Only the lines from the one containing "ALÉMAIS Chemise Casa" through the last line below should be written out, exactly and with both ends kept.

[[ Extracted records, beginning ]]

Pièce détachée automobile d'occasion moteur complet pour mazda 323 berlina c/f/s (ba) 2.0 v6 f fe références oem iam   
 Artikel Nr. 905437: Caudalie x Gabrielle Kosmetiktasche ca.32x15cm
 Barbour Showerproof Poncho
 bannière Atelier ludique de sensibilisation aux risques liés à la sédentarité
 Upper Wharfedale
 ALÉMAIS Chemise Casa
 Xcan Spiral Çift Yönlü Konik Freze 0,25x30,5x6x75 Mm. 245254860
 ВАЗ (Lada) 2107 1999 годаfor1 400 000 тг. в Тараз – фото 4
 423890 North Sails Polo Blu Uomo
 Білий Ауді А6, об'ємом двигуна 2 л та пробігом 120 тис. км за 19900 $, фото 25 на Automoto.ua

[[ Extracted records, end ]]

*Response to this exercise*:
 ALÉMAIS Chemise Casa
 Xcan Spiral Çift Yönlü Konik Freze 0,25x30,5x6x75 Mm. 245254860
 ВАЗ (Lada) 2107 1999 годаfor1 400 000 тг. в Тараз – фото 4
 423890 North Sails Polo Blu Uomo
 Білий Ауді А6, об'ємом двигуна 2 л та пробігом 120 тис. км за 19900 $, фото 25 на Automoto.ua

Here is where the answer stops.